CNCounty News

Wildfire commission report expands beyond suppression tactics

wildlandfire

Key Takeaways

When Bill Cox worked as a volunteer firefighter in his 20s and 30s, he’d battle one or two structure fires a year versus 30 wildland fires. 

Now as a Rich County, Utah commissioner, he sees wildland fires grow in size and frequency. At the same time, finding people to fight those fires, like his younger self, gets harder and harder. It’s something he hopes federal legislation might change.

“It’s hard to recruit people for a seasonal job without benefits,” he said of being a first responder. “We have to figure out how to increase the workforce and keep them stable and have this be a career. This isn’t something a teacher can do on summer break.

“It’s not fun, but it’s critical,” he said. “Those areas where those guys work is critical in stopping the fire from advancing to different areas.”

Learn more

ON FIRE: The Report of the Wildland Fire Mitigation and Management Commission

Cox, along with Coconino County, Ariz. Deputy County Manager Lucinda Andreani, represented county governments on the Wildland Fire Mitigation and Management Commission, a 50-member effort coordinated by the departments of Agriculture and the Interior and the Federal Emergency Management Agency. 

“Frankly, in any form of disaster — wildfire, tornadoes, hurricanes — it really typically is counties that are managing the post-disaster, during and after the disasters and the recovery processes,” Andreani said. “Our seat at that table was crucial because we sustain those impacts, we work with our constituents that have the impacts, and so it was a really important opportunity.”
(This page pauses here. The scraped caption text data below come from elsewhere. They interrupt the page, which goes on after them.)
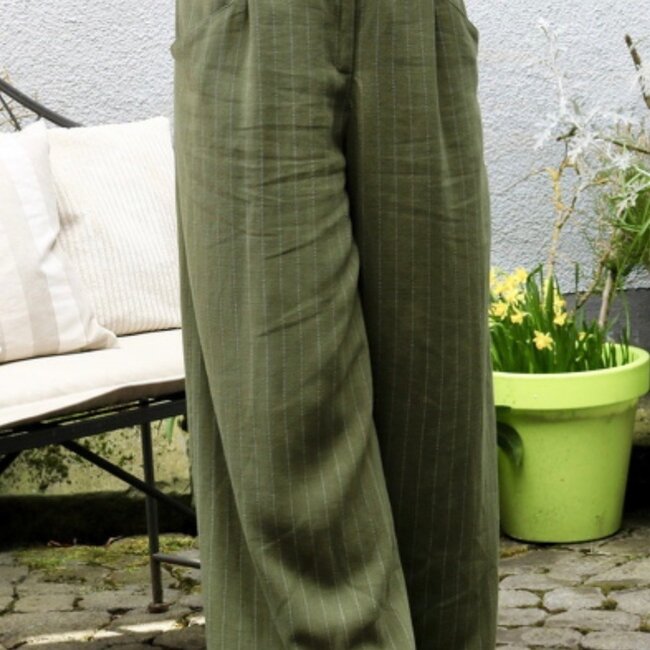 De Stoffenkamer Linen mix pin stripes - olive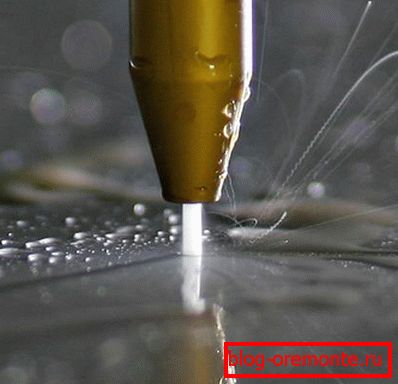 Hydro-abrazivní řezání betonového povrchu Hydro-abrazivní řezání betonového povrchu
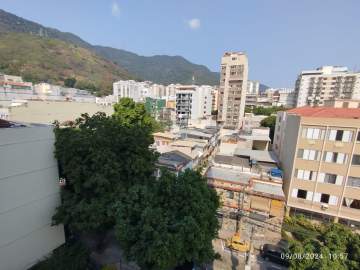 Ótima localização - Tijuca- Rua Barão de Pirassinunga- Apartamento Desocupado com, 3 quartos, suíte, 1 vaga. - BTAP30710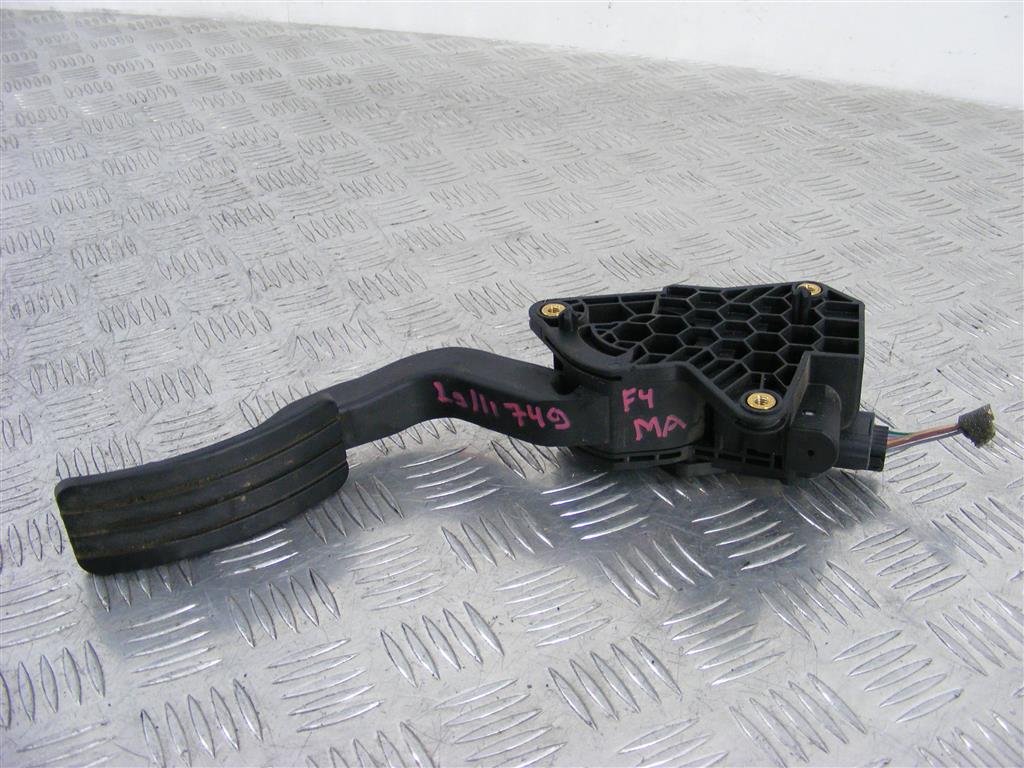 Педаль газа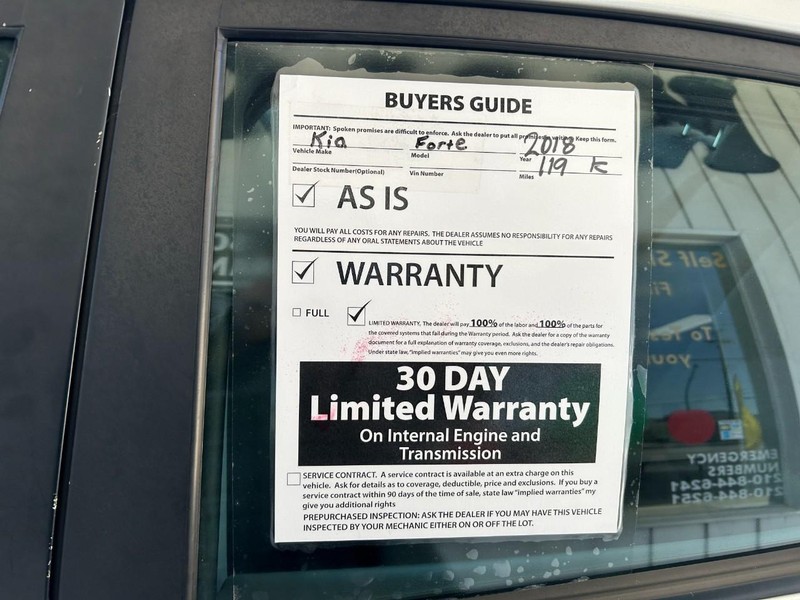 Kia Forte Vehicle Full-screen Gallery Image 09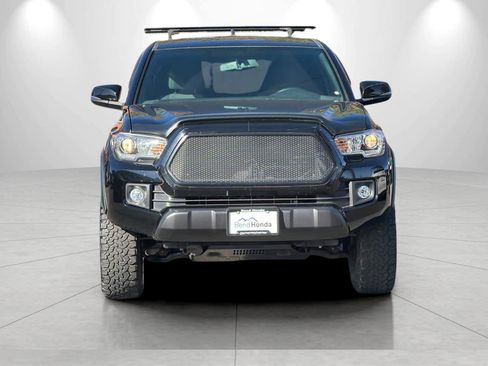 Used 2016 Toyota Tacoma TRD Off-Road w/ Premium & Technology Package AWD/4WD image 10
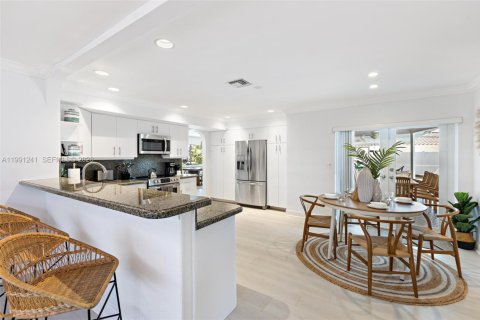 Casa en alquiler en Fort Lauderdale, Florida, 3 dormitorios, 168.8 m2 № 2057495 - foto 13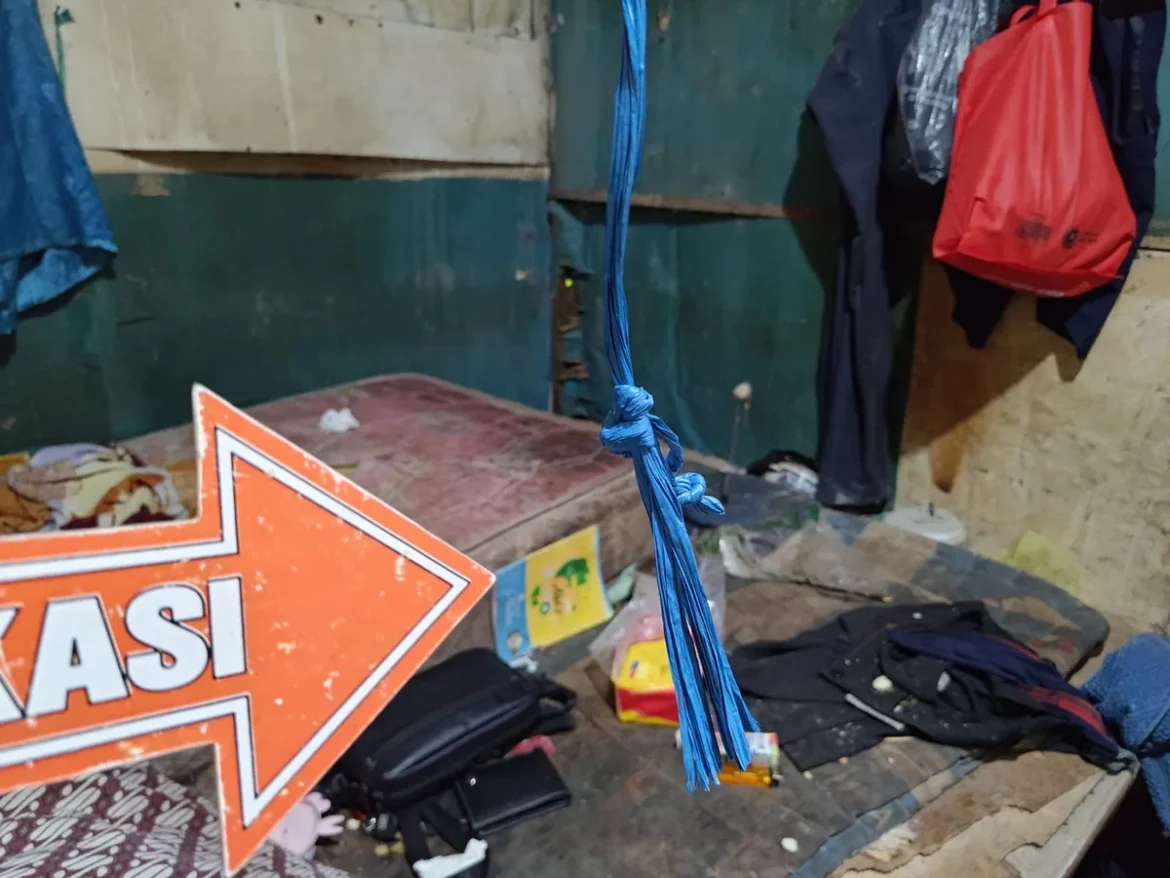 Inilah Tempat Kejadian Perkara (TKP) ditemukannya MLR di kamar bedakannya, Rabu (21/10/2026) sore.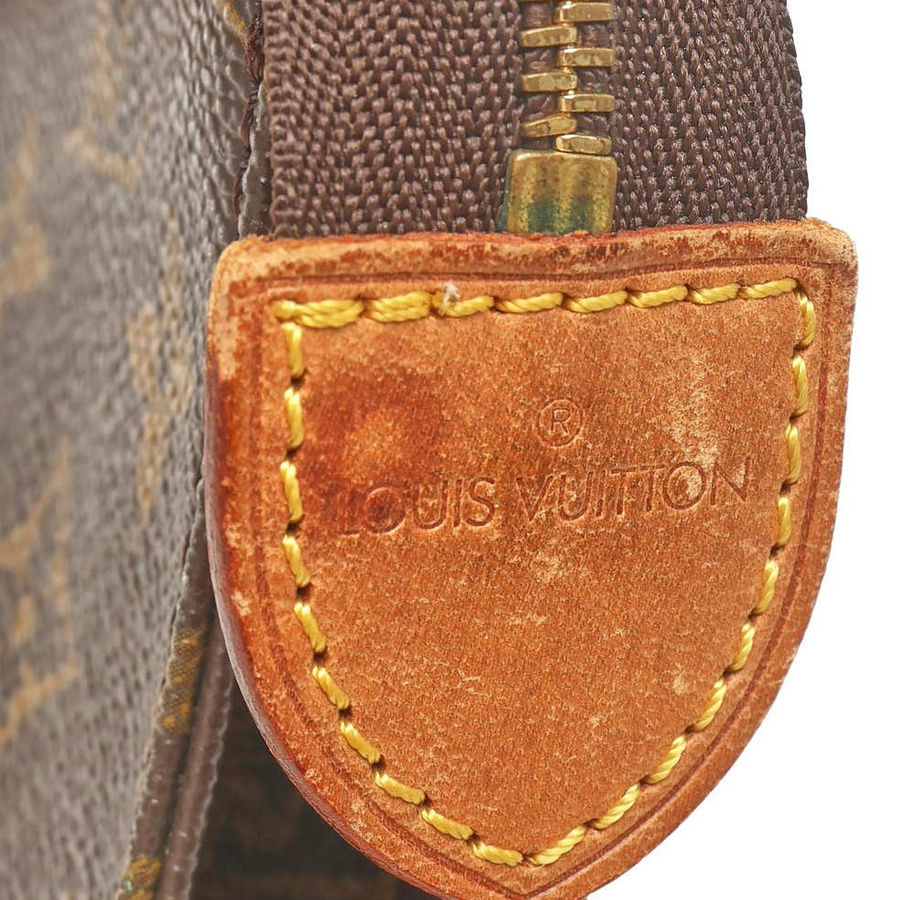 Louis Vuitton Monogram Poche Toilette 15 Pouch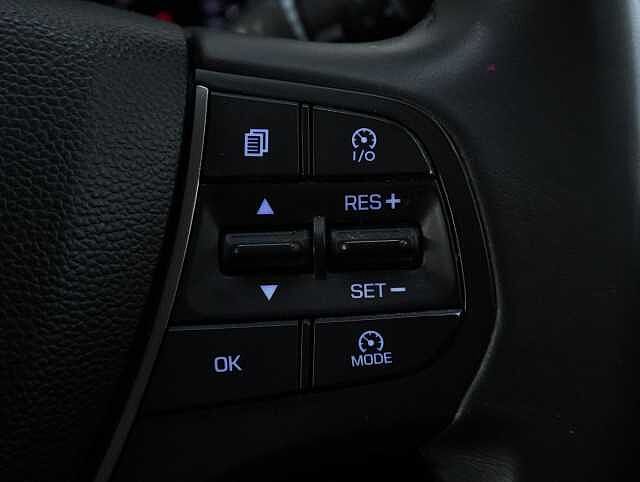 Hyundai i20 1.2 Premium Nav Hatchback 5dr Petrol Manual Euro 6 (s/s) (84 ps)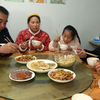 孩子们嘴馋，桃子姐给孩子们做爱吃的糍粑和菠萝炒饭，真美味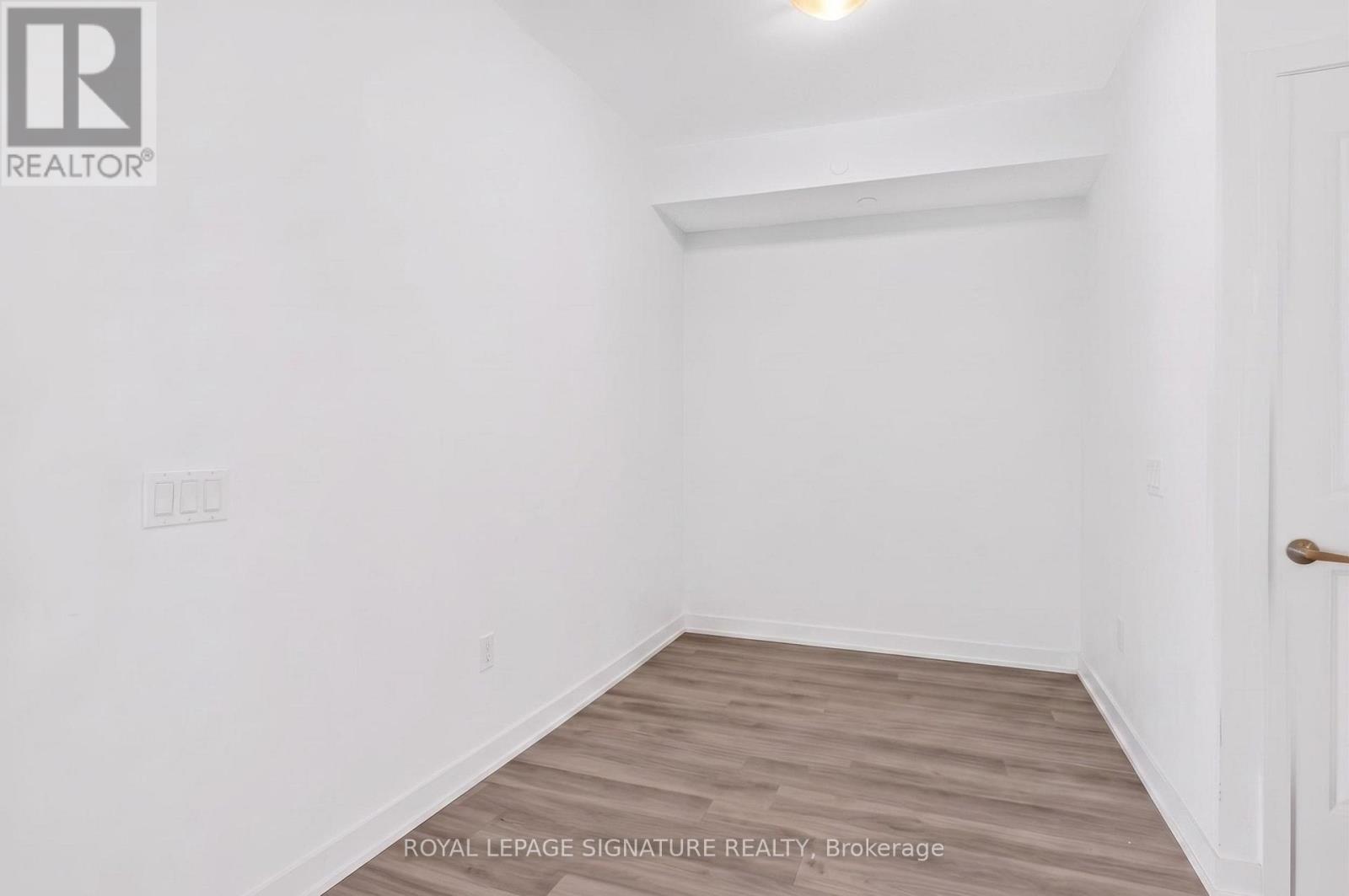 #1504 4699 GLEN ERIN DRIVE - 15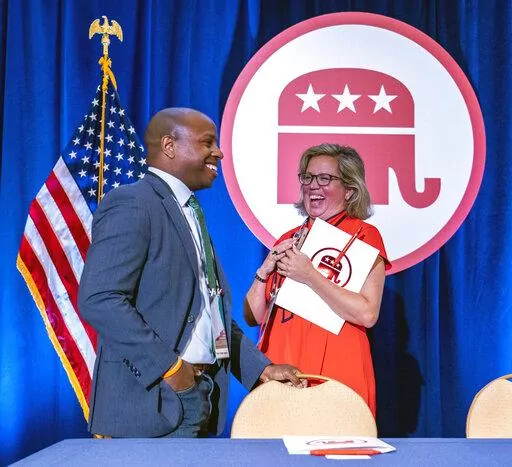 Milwaukee Mayor Cavalier Johnson, left, speaks with Cam Henderson, right, from the Republican National Committee, at the JW Marriott in Chicago ahead of Milwaukee's expected selection to host the 2024 Republican National Convention, Friday, Aug. 5, 2022. (Jovanny Hernandez/Milwaukee Journal-Sentinel via AP)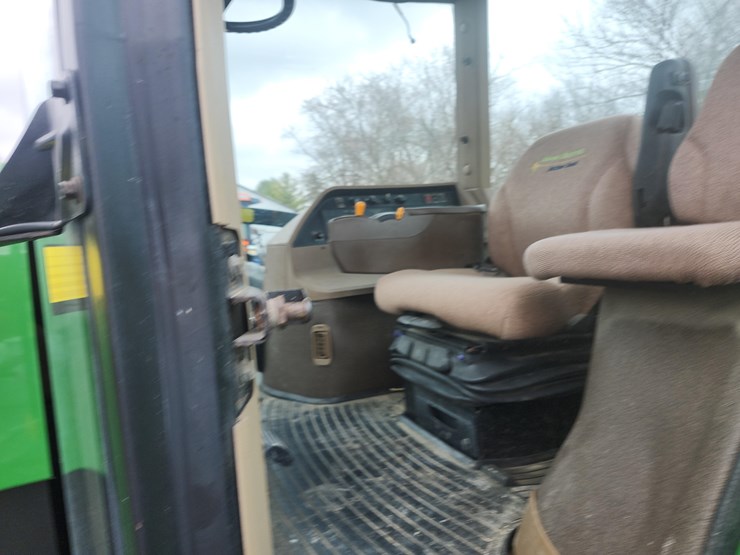 john-deere-8420-image-18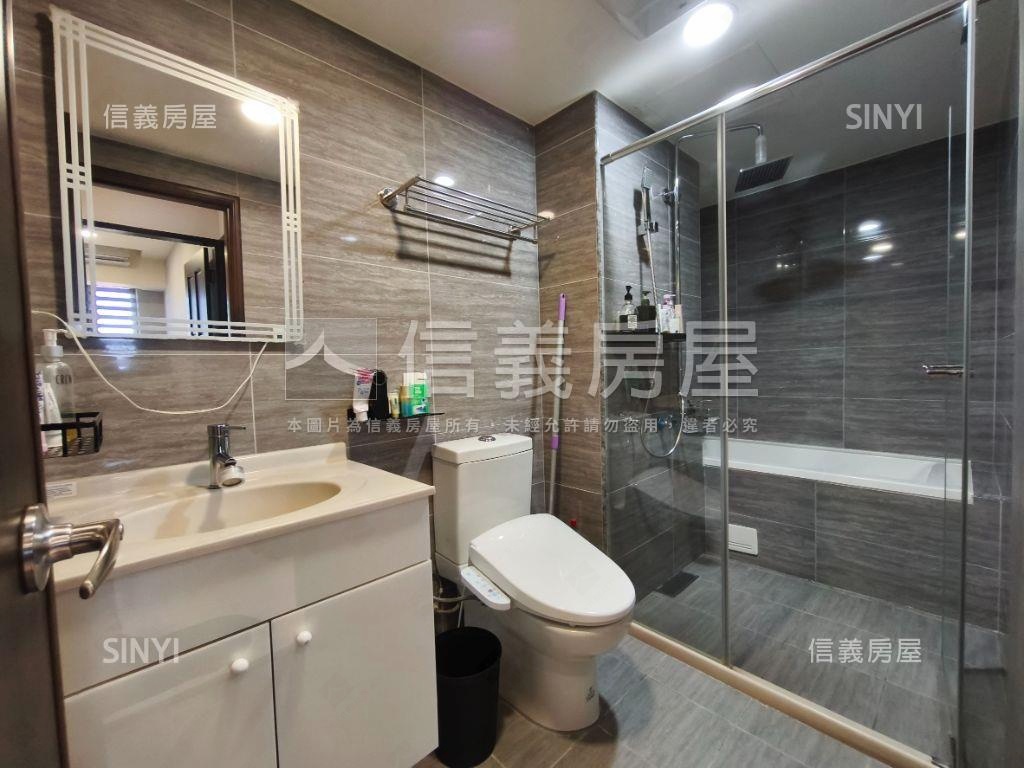 成家大璽高樓景觀兩房房屋室內格局與周邊環境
The commission’s report, released in late 2023, offered 148 recommendations to Congress, and the scope of that work demonstrated to Andreani that this was different and more consequential than previous intergovernmental efforts to address wildland fire policy.

“There really had been very little discussion about mitigating wildfire — on forest restoration, forest thinning and other practices — to reduce the threat of catastrophic wildfire and then certainly very little national discussion about post- wildfire recovery,” she said. 

“The fact that [the commission’s report] did cover all of that and wasn’t just solely dominated or exclusively focused on suppression, that was kind of a landmark situation. The other aspects now are having a lot of impact. You’re looking at the full cycle now.”

She noted that members of Congress have already taken notice of the report’s variety and proactive recommendations. 

Cox drew attention to the aging aircraft that are crucial to wildland firefighting and the challenges contractors face with uncertainty when assessing when to purchase new aircraft. He contributed to a second report on aerial equipment strategy.

“It’s gotten to the point now where we’ll have fires going around the nation in four or five different places and they’re all big fires, so there are a limited amount of resources, aviation resources, to be spread out over into all those particular fires,” he said. “All of a sudden, you have to prioritize a fire as to what resources you put on it.” 

A veteran of managing Coconino County’s direction through three major wildfires, Andreani said the commission’s work was a chance to address silos in federal policy and encourage cross-jurisdictional appropriations. 

“It becomes problematic where you’re trying to effectuate recovery efforts that may be on state land, federal land and private land,” she said. “How do you take those blinders off?” 

She also noted the commission recognized what Coconino County long had known — while FEMA considers wildfires a one-time event, their environmental consequences open the doors for repeated flooding, given Arizona’s meteorological patterns. 

“We had a lot of discussions around how you take these programs that are designed for certain types of disasters and then modify them so that they apply appropriately in a wildfire situation,” she said. 

Participation was taxing — long days on video calls, but Cox said the result renewed his confidence in government.

“If Congress could work like the commission, get the right and the left out of it and just look at the solution and then work through that solution,” they could accomplish a lot, he said. “We can look at these accomplishments and say we did it while keeping politics out of it.”